Main Photo: Jeff Curry-USA TODAY Sports

Sonny Gray has been stumping hitters through his first three starts of the season. Since returning from injury, Gray has started three games and didn’t allow a run in his first 17 innings of the season. The Cardinals offseason signing has been everything the team hoped he would be. Gray has been a force on the mound with a 1.04 ERA, good for eighth in the league. He’s issued just one walk this season out of 64 batters faced, good for the best walk percentage in the league. He’s struck out 23 batters with a 35.9 percent strikeout rate, the fifth-highest in the league. A combination of hitting his location and a deep pitch arsenal has landed him as one of the most successful pitchers in early part of the season.

“What we’ve seen out of him so far has been as advertised,” said Cardinals president of baseball operations before Gray’s third start. “It’s been fun to watch. It brings a lot of energy into our clubhouse.”

One of the biggest challenges batters have against Gray is not knowing what pitch is coming next. Gray has thrown one of six pitches in each game this season. He can deploy a four-seam fastball, a curveball, a cutter, a sweeper, a sinker and the occasional changeup.

Sonny Gray’s Return From Injury Has Been Key

Gray’s fastball is his most-often used pitch. He throws it almost 28 percent of the time. He averages 92.7 mph with it and has a 14.3 percent whiff rate on it. His fastball is less of his devastation pitch and more of the table setting for the rest of his arsenal. It’s where he goes after his fastball that has produced his dominant numbers.

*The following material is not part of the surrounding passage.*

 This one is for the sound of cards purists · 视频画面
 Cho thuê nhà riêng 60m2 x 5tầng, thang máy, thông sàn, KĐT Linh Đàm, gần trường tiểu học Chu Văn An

Batters are whiffing 47.4 percent of the time on Gray’s curveball. When it comes after his fastball at 80.1 mph on average it’s more than a 12 mph difference. The pitch drops nearly 58 inches on average from his release point. Gray has thrown his curveball 50 times through three starts in 2024 and still nobody has gotten a hit off it according to Baseball Savant. Two-thirds of the time he throws it on two-strike counts as it has resulted in a strikeout.

Gray sports three other major pitches. His sweeper cuts and breaks and is above league average in both axis of movements. His cutter is drawing swings and misses from batters 29.2 percent of the time. The sinker is below league average in both horizontal and vertical movement, but it comes in at 93.3 mph — faster than his fastball — and as his fifth most used pitch it’s been effective in keeping batters thinking about what could be coming with 11 more inches of horizontal movement than his fastball. The changeup is coming on just 3.9 percent of his pitches, but batters are whiffing on it at a 40 percent clip.

Batters Making Soft Contact

The spread of pitches Gray offers keeps batters from hitting anything cleanly. Batters find the barrel on just 2.5 percent of the times they make contact with Gray’s pitches, meaning they find the optimal combination of launch angle and exit velocity. That’s the 16th-lowest rate in the MLB. Furthermore, batters are producing 95-plus mph off the batt just 27.5 percent of the time of Gray, which is the 13th-best rate in the league. They are swinging and missing on 31.9 percent of swings against Gray which puts him in the top 12 percent of the league at the metric.

The Run Support Isn’t There

In his two wins, the Cardinals scored three runs each time, in the loss the Cardinals were shut out. In his lone loss, a two-run single in the seventh inning gave him the loss. The Cardinals in that game, a 2-0 loss to the Milwaukee Brewers, the Cardinals went 0-9 with runners in scoring position.

“He did exactly what we needed,” said Cardinals manager Oliver Marmol after the game. “He went out there, gave us length, punched the world out and he gave us a shot. That’s why you go get a guy like that. He’s a stopper and unfortunately, we just didn’t score runs.”

The Cardinals offensive struggles has been the story of the season for the team. However, Gray himself is confident in the lineup.

“I just think something is going to click,” Gray said when asked about the offense. “I don’t know what it is, I don’t know where it’s going to come from. It can’t be forced, but something is going to happen at some point and it’s going to click and we’re going to go.”